(Clicking any of the underlined text in blue will take you to a reference on it.)
Every five years Congress passes a farm bill, but the current one expires September 30, 2012, and Congress has not been able to agree on a replacement despite much debate and conflicting proposals in the House and Senate. Federal farm policy for too long has been skewed towards subsidizing large industrial farms, and recent poor crops have stimulated agribusiness lobbyists to press for more crop insurance designed to shift crop-failure risks, aggravated by climate change, to taxpayers. Regrettably none of the proposed legislation does much to reduce consumption of farmers’ key asset, fertile soil. Farmers can protect long-term fertility of soil by reducing chemical fertilizers, which kill microorganisms which ventilate soil, using crop rotation, mixing crops instead of monocultures, and using compost and other measures which slow soil depletion and erosion while building healthier soil.
Industrial agriculture’s ability to produce huge amounts of food, using single-crop strategies, makes it excessively vulnerable to climate change. The diversified landscapes of organic agriculture, like corn planted in alternating rows with other crops, are kinder to the soil and more resistant to erosion. But federal farm subsidies increase with output, encouraging farmers to plant the most favored crops – corn, wheat, rice, soybeans and cotton – in intense, mechanized monocultures without paying enough attention to the land’s long-term health. In addition to encouraging unproductive over production, recently an academic study has found evidence which suggests U.S. farm policy is contributing to Americans swelling waistline – a problem this blog has emphasized previously in a variety of posts most recently in the context of the Nanny State.
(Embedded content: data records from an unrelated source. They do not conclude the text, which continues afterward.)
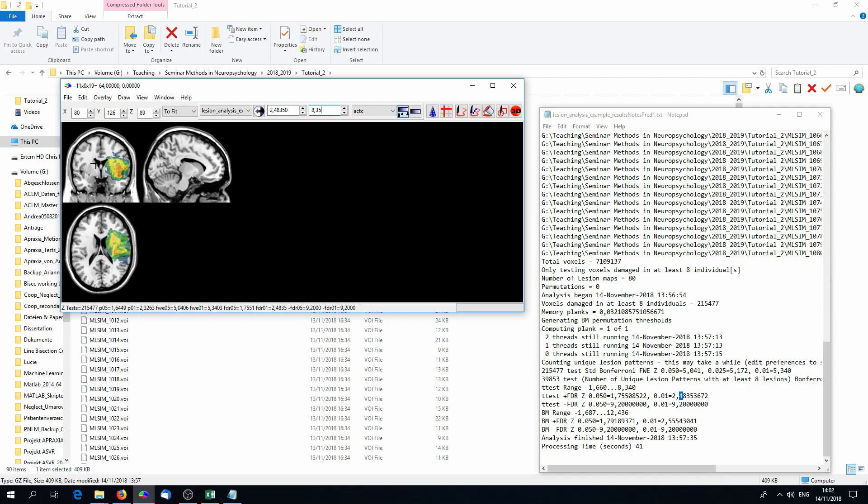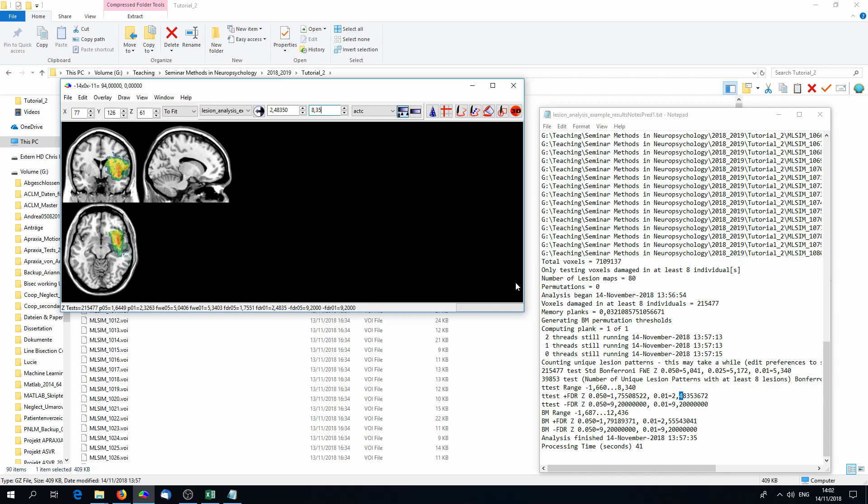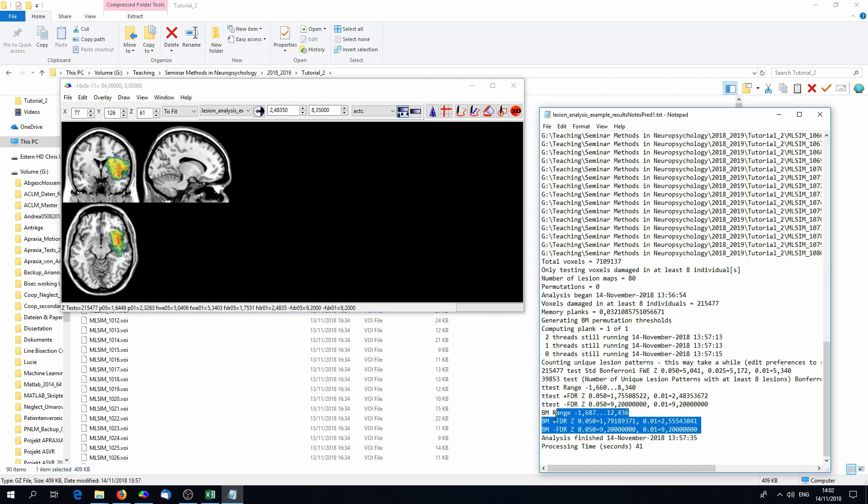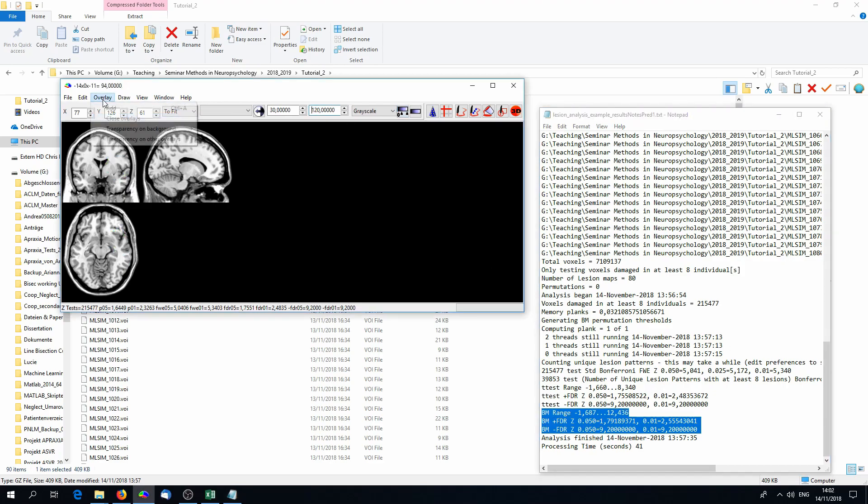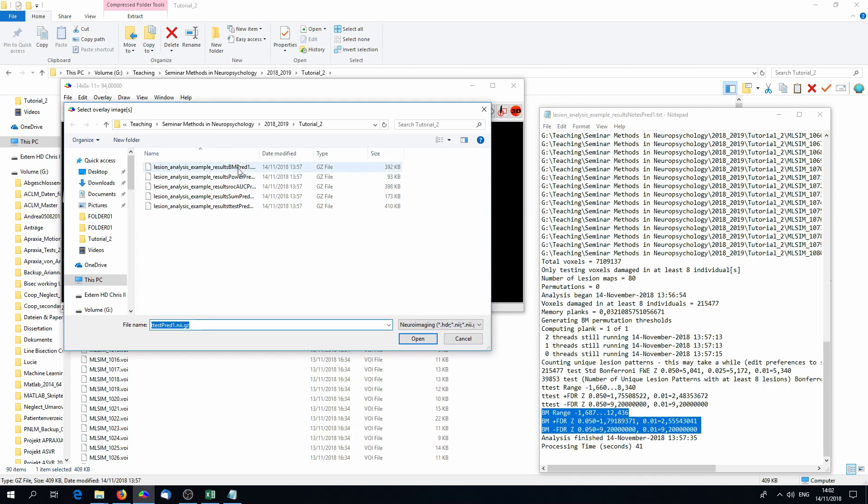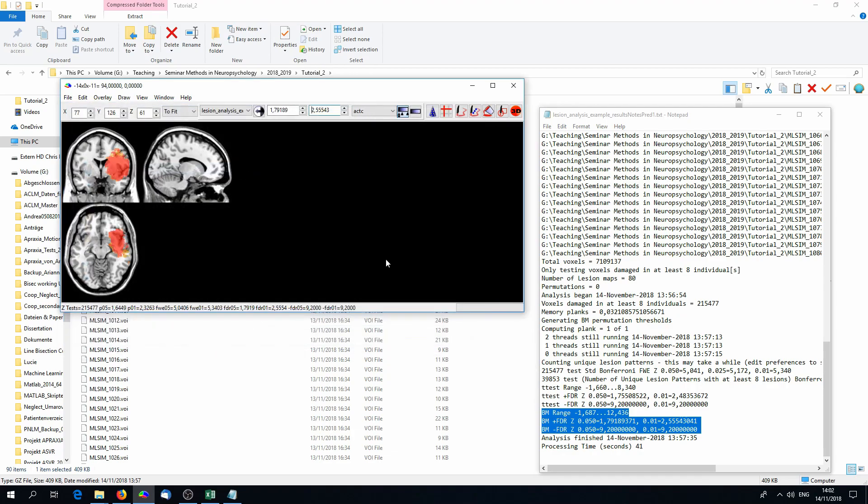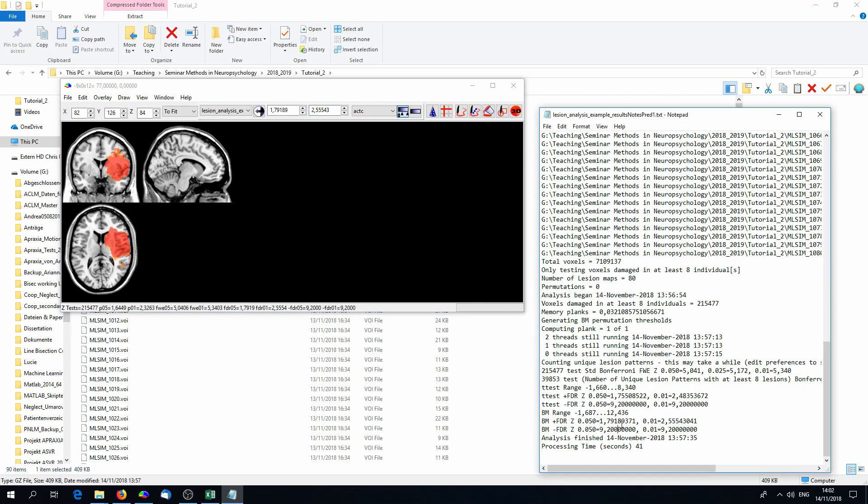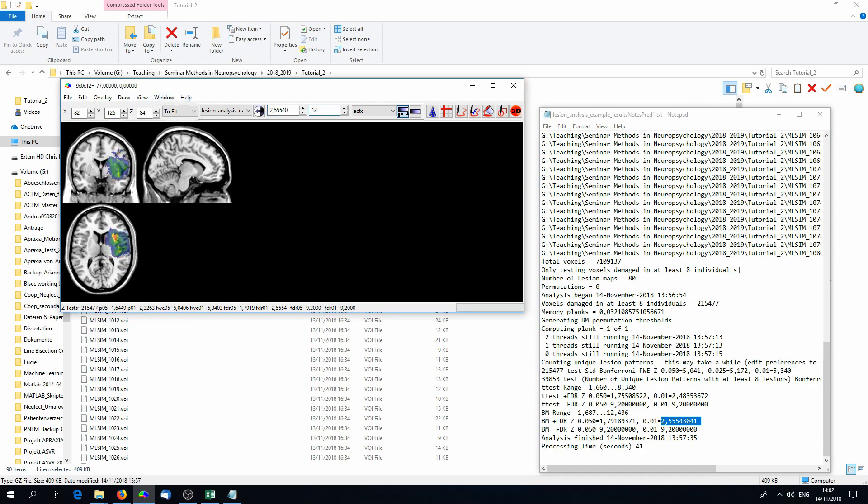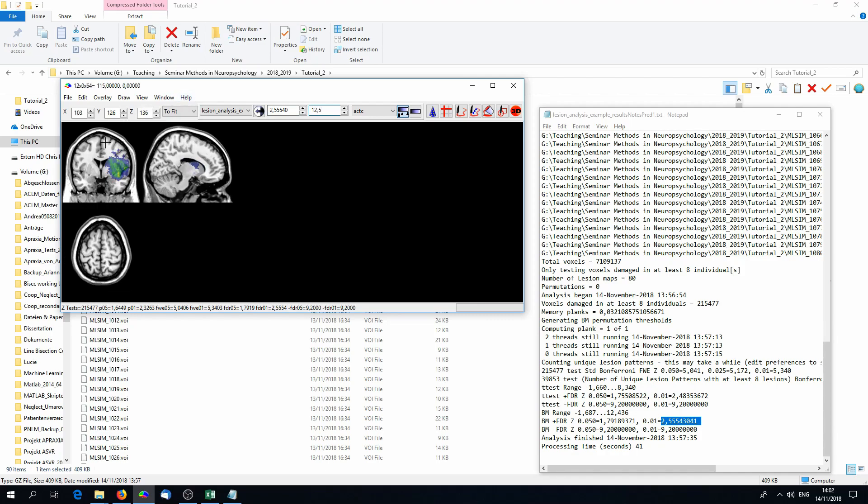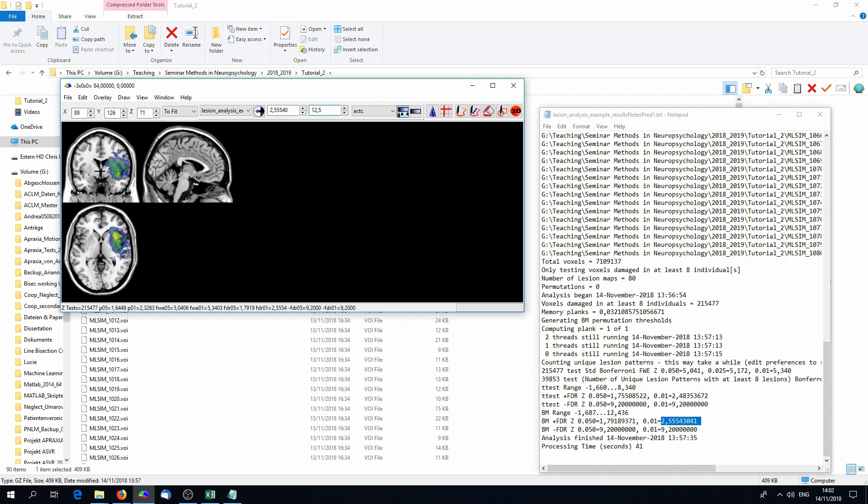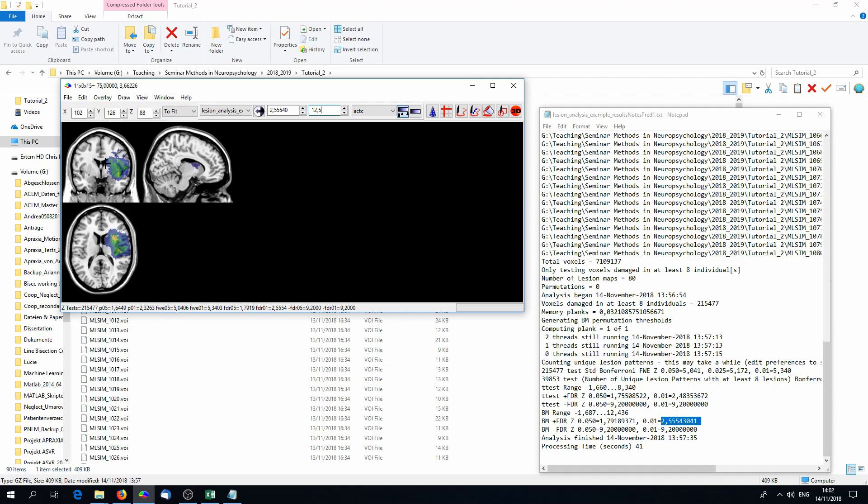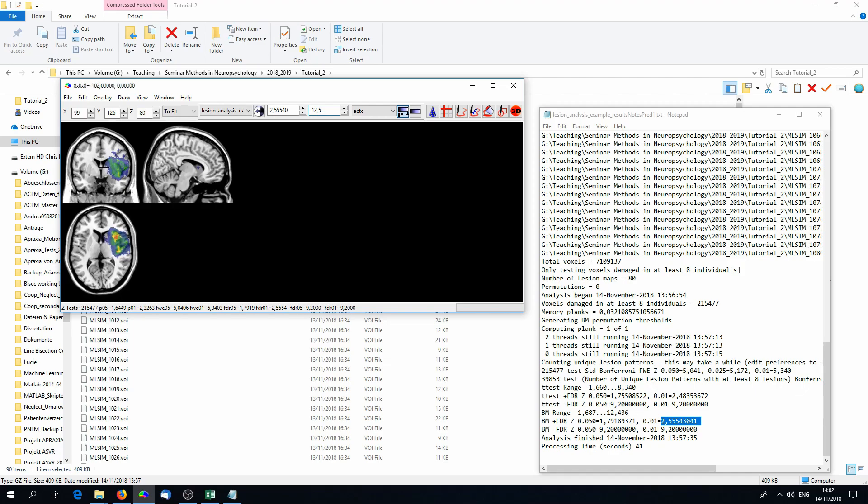You might remember we did not only a t-test but also a Brunner-Munsel test. You'll find information about the Brunner-Munsel test also in the text file and you have the image available. Open the image on a template and again we have to rescale the image. First, you might realize that there is no family-wise error correction result. Again, no significant results left but FDR. Go into the upper left panel for the rescaling and put in the cutoff and on the right you put in the maximum value that you can also see in the text file. And again, we have a collection of voxels that are shown in color and these are significantly associated with the symptom.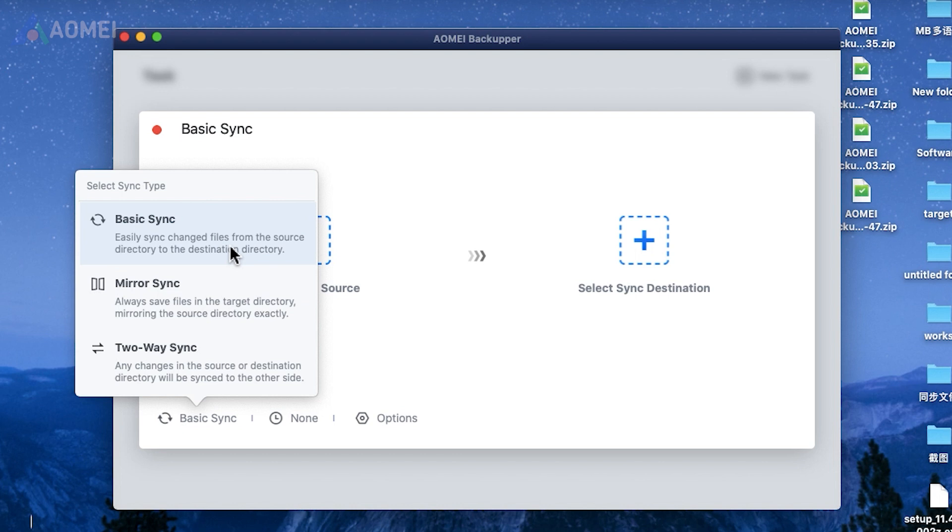Basic sync moves files from one folder to another while keeping the originals intact in the source location. Mirror sync creates an exact copy of your files in the destination folder, including removing any files that have been deleted from the source.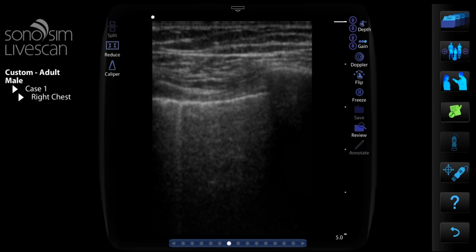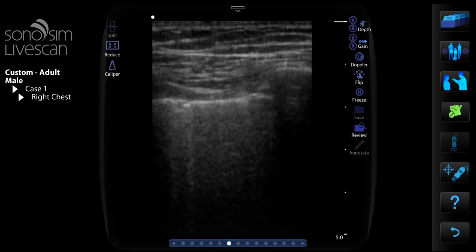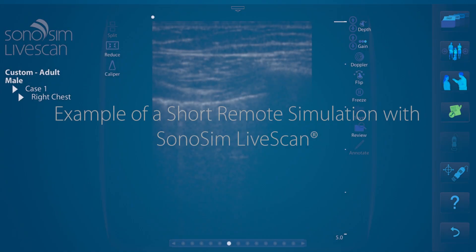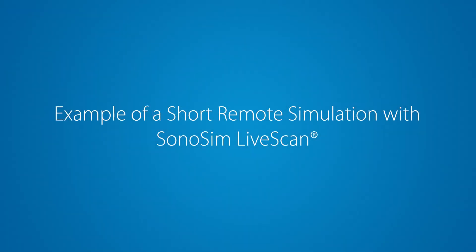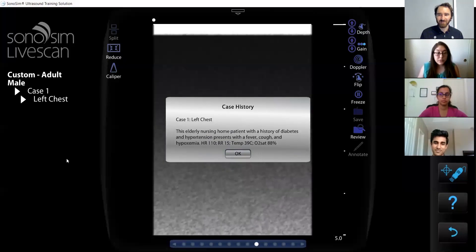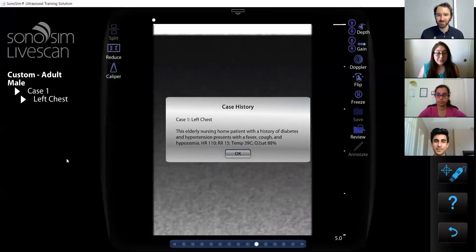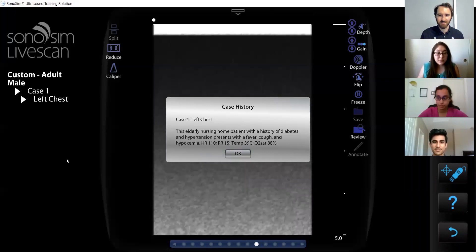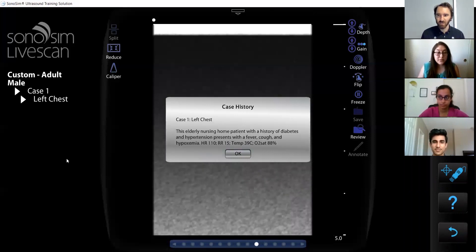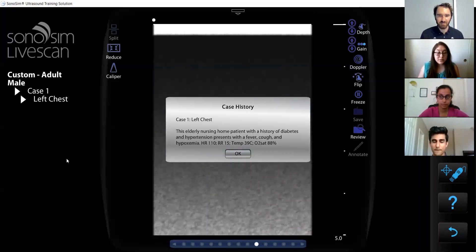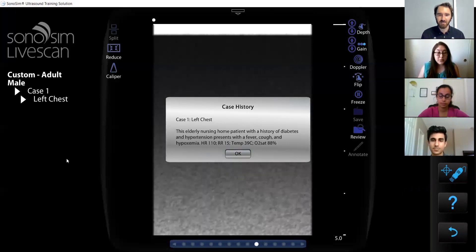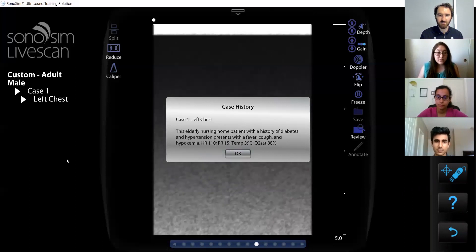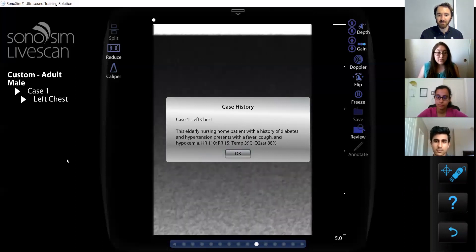When your case is ready, start up any video conferencing software and you are ready to start your remote simulation. Hello everyone, it's good to see you. Glad that we're able to join each other remotely here for this remote simulation using SonaSim LiveScan. I have a COVID-19 rule-out patient for you all today. You can see the history right there — this is an elderly nursing home patient with a history of diabetes, hypertension, presenting with fever, cough, and hypoxemia.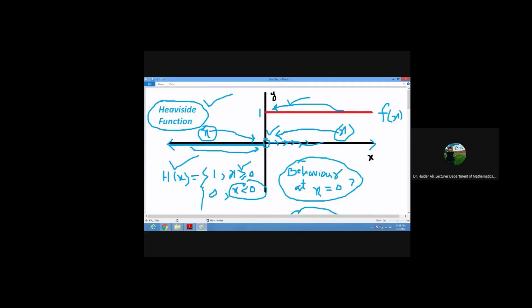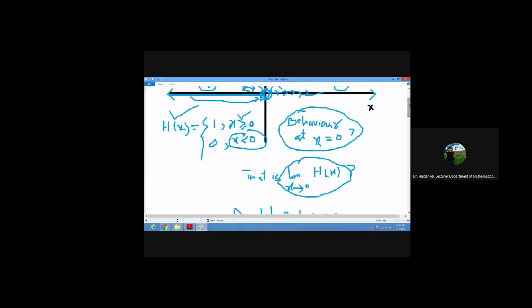The Heaviside function at zero has double behavior: from the right-hand side its response is one, and from the left-hand side its response is zero. We say this function has no limit. Limit means behavior — and this function has no determined behavior at zero. From one side it goes to one and from the other side to zero, so the limit does not exist — it has ambiguous behavior.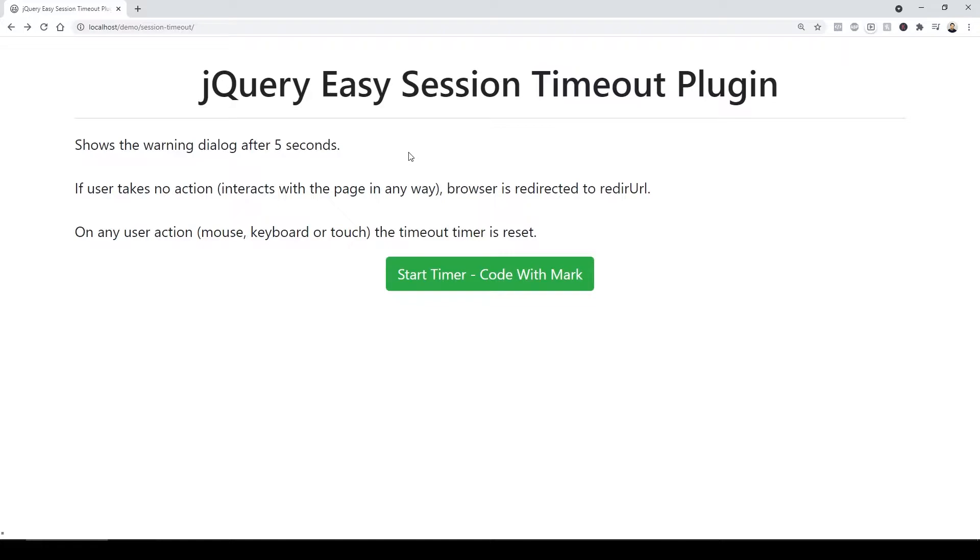If you haven't already subscribed to the channel, make sure you subscribe to codewithmark.com and get your free gift. I will leave a link in the description for you to go do that. So let's move on.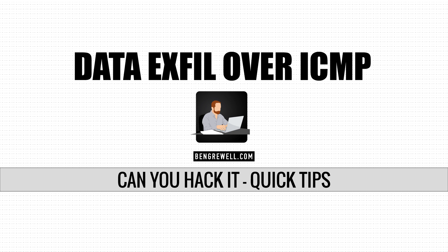Hey everyone and welcome to another edition of Can You Hack It. I am your host Ben and this video is actually just going to be a quick demonstration of a topic that I posted on my blog which is using ICMP to exfiltrate data from a network.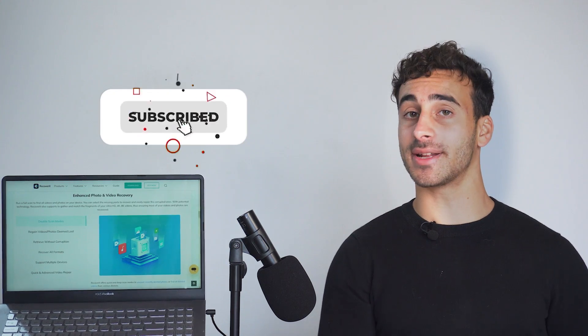Make sure to hit that subscribe button and stay tuned for an in-depth guide on retrieving your precious Word documents. Now, let's get into it.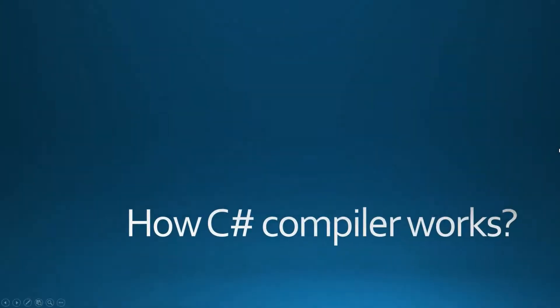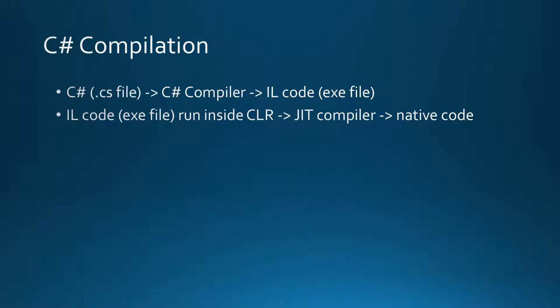Hello guys, let's answer the question how C# compile works. Let's talk about the C# compilation process.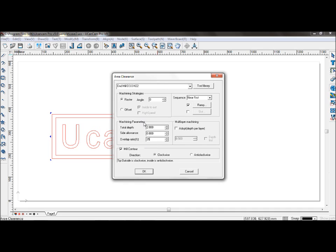As we're only doing one layer, you don't need multi-layer machining. And mill contour, select anti-clockwise.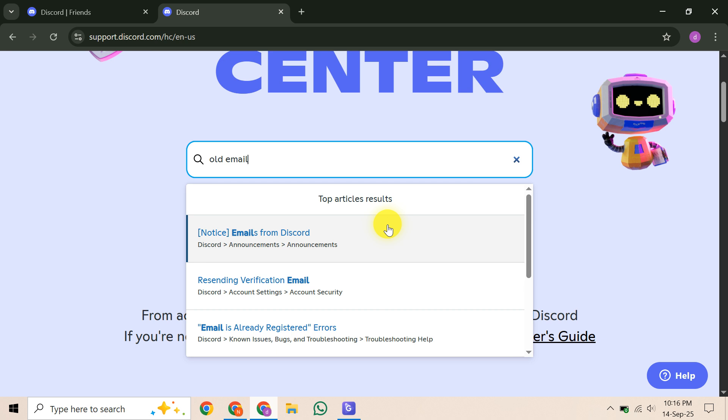However, it's important to note again that Discord's policy indicates support is very unlikely to make email changes in this scenario.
As a national food security matter, federal policy needs to move away from past emphasis on industrial agriculture and to create more organic, more conservative, guidelines and supports for food and fiber producers. That won’t happen by September 30, but Congress could enact a short extension of the old law while directing the Department of Agriculture to define, in consultation with all farm interests, a strategy for moving the country towards long-term sustainable agriculture. The heat and drought losses in 2011 and 2012 remind us of the 1930s Dust Bowl, when America paid dearly for unsustainable farming practices. Let’s not do it again.